By the same type there is also unintentionally semantic drift or substitution of one meaning by another in scientific discourses. In order not to happen so, stability of meanings is necessary for each discourse, i.e. in its limits a meaning should not change. It is exactly the criterion of correctness of reasoning.

But correctness alone is not enough for that a discourse will have scientific character: the criterion of scientific character is also necessary. As is known, only practice, the human experience is exclusively the criterion of scientific character in general and of reasoning in particular. If you get something by practice according to the correctly deduced conclusions, then you have proceeded from correct concepts, and your reasoning is scientific. So to say, finding of truth by means of only reasoning, ignoring the experience, is unscientific discoursation, logonautics that means pseudoscientific bletherology which has a minimum of experience, a maximum of wordplay plus verbal fetishism, i.e. the naive belief in that «a word has a meaning in itself» and «this meaning is unconditional and changeless» [3]. To find truth without expansion of experience, without practical check is the purest utopia.

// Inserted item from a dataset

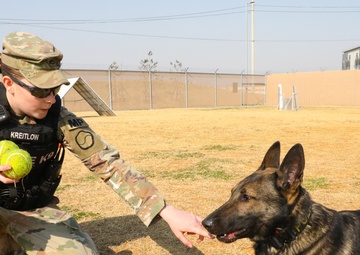 A Soldiers Best Friend During the Stop Move Directive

A striking example of such utopias is presented by all known philosophical systems. Moreover, in the history of humankind there was the whole epoch of logonautics – it was the epoch of scholasticism. Historically it was a forced discoursation when the experience was extremely small, there were practically no exact knowledge and the authority reigned undividedly.

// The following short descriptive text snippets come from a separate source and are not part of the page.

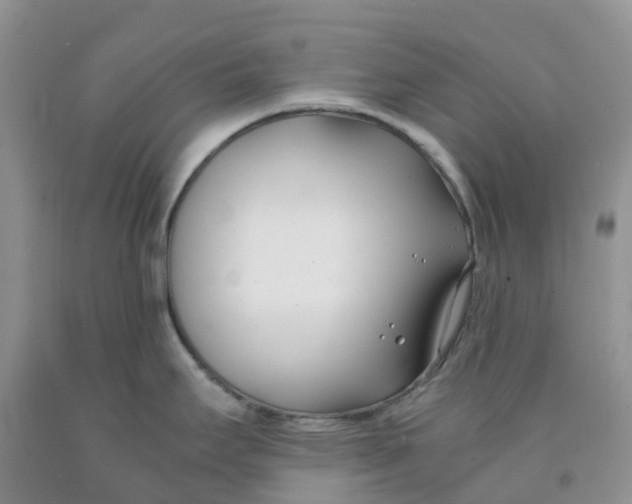 X0000091301295200709071045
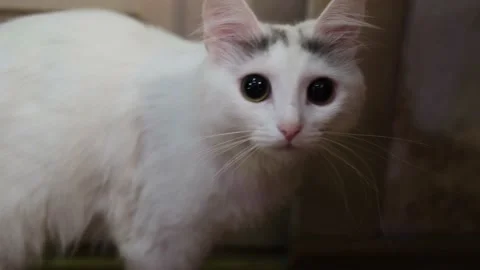 White cat nervously scared looks at the camera at home. Stock Footage 166508350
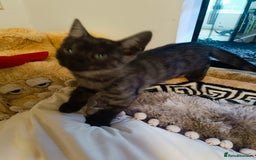 Bengal cats for sale: Three Bengals - Image 5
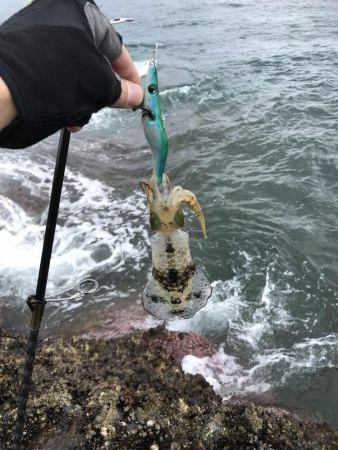 【新子】和歌山南紀でエギング釣果、アオリイカなんとかゲット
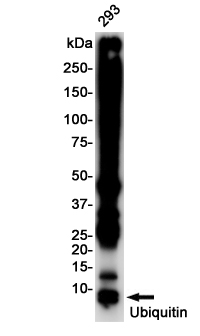 Western blot detection of Ubiquitin in 293 cell lysates using Ubiquitin Rabbit pAb(1:1000 diluted).Predicted band size:8KDa.Observed band size:8KDa.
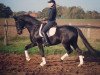 dressage horse Double Twist G. (Hanoverian, 2011, from Diamond Hit)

Coming to scientific conclusions by means of only reasonings, even if they were stated by a philosopher of genius who thought with the greatest severity and exactness, – it is just the same as accidental coming of a ship in a necessary harbour without the practical orientation. Take a usual philosophical reasoning, in which, for example, there are ten different links: «A is in such a connection with B, B in such a connection with C, C in such a connection with D, etc. And in the end of all this series it turns out: X should be in such a connection with A». If to proceed from the most moderate many-valuedness of the concepts considering that each term has only 5 meanings, then according to the theory of probability the chances of the reasoning to be correct are «one by five to the ninth power, approximately 1 of 2 million. Such are the a priori chances here». However 5 meanings – it is a ridiculously small number, and if to increase it up to 10 meanings on a term, then this will be already one chance of milliard. Really the majority of philosophical words-concepts have far more meanings, because philosophers operate with the most abstract terms. Therefore the probability of scientific character of a last conclusion decreases avalanche-like, in geometrical progression, according to a number of intermediate links. Finally «any reasoning which consists of several links and which is not checked by experience, as though it should be simply recognized as a priori correct, is not valuable, not scientific» [4], because the chances not to generate nonsense are one of millions and milliards, i.e. practically there are no chances in general. Meanwhile the majority of philosophical discourses consist of a great number of intertwined combined links, at the end of which conclusions are made, at that neither this links nor conclusions are not checked by experience, and, as a rule, they are not just accessible to check.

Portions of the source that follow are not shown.